En effet, un taux de TVA de 20 % est très pénalisant pour les populations les plus fragiles. Il l’est d’autant plus que la TVA s’applique également sur le montant des autres taxes, ce qui constitue clairement une double peine fiscale. Cette double taxation n’est pas acceptable pour ceux qui sont dans la difficulté et qui se chauffent au fioul, à l’électricité ou au gaz.
Enfin, je pense qu’il serait intéressant que soit effectué un bilan de la libéralisation du marché de l’énergie. Si, depuis 1960, les prix de l’électricité sont inférieurs en France à ceux de nos voisins européens, nous le devons à notre mix énergétique et aux tarifs réglementés. De ce point de vue, je crains que les directives européennes adoptées durant les vingt dernières années n’aient une incidence fâcheuse sur les prix. Nous avons trop cédé sur ce terrain et il ne faudrait pas remettre en cause ce qui reste des tarifs réglementés.
Selon les propos tenus en mai dernier par le médiateur de l’énergie, la concurrence n’a pas fait baisser les prix ; ils ne pouvaient qu’augmenter en raison des besoins de financement des énergies renouvelables, du prix de revient du nucléaire en hausse du fait du grand carénage et de la construction de l’EPR, etc. Mais le médiateur ajoutait que la séparation des activités de fourniture et de distribution, rendue nécessaire par l’ouverture des marchés, donc par la libéralisation, a conduit à une « désoptimisation » des organisations, et donc à des coûts additionnels, notamment en matière de systèmes d’information.
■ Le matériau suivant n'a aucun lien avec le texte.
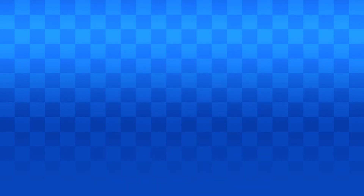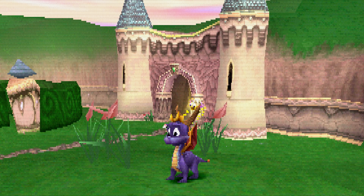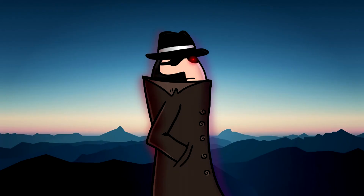Spyro was originally green, but developers worried he would blend in too much with the green backgrounds. So his color was later changed to purple to stand out from the grass and other backgrounds, becoming the design of Spyro we know today.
Par ailleurs, je relève que, si 39 % des Français estiment que la multiplication des fournisseurs va permettre de faire jouer la concurrence, ils sont presque autant à estimer que cela aboutit à une jungle d’offres peu lisibles, à des risques d’abus et de dérives, à une qualité de service dégradée et à des prix en hausse ou fluctuants.
Je note que 86 % des Français apprécient les tarifs réglementés qui assurent stabilité, sécurité et cohésion territoriale et sociale et qui sont aussi un point de repère pour les consommateurs qui hésitent à opter pour une offre de marché.
Cela dit, si l’urgence consiste à aider les personnes en situation de précarité à payer leurs factures, la meilleure manière d’agir consiste en fait à diminuer le montant de celles-ci, en améliorant la performance énergétique des logements par la rénovation thermique.
Or les mesures prévues par la loi relative à l’énergie et au climat comportent trop d’exceptions et fixent des échéances trop lointaines et, pour l’heure, le reste à charge est trop élevé. En fait, dans le contexte climatique actuel, l’objectif est bien de faire reculer la précarité énergétique, tout en œuvrant pour une société plus respectueuse des ressources naturelles.
Dès lors, le principal levier pour lutter contre la précarité est la rénovation thermique des logements. Éradiquer les logements passoires, c’est résoudre en grande partie la précarité énergétique. Problème : trop de propriétaires sont récalcitrants ou ignorent les possibilités d’aides.
Pour conclure, je dirai que, depuis des années, nous pensons tous ici que l’urgence commande de faire disparaître la précarité énergétique. Nous avons aujourd’hui la possibilité de mettre en accord nos actes avec nos discours. Ne nous contentons pas de dénoncer ce problème ! Combattons-le en pensant que rien, jamais, ne doit contrevenir à un principe aussi simple que fondamental, celui du droit à une existence digne.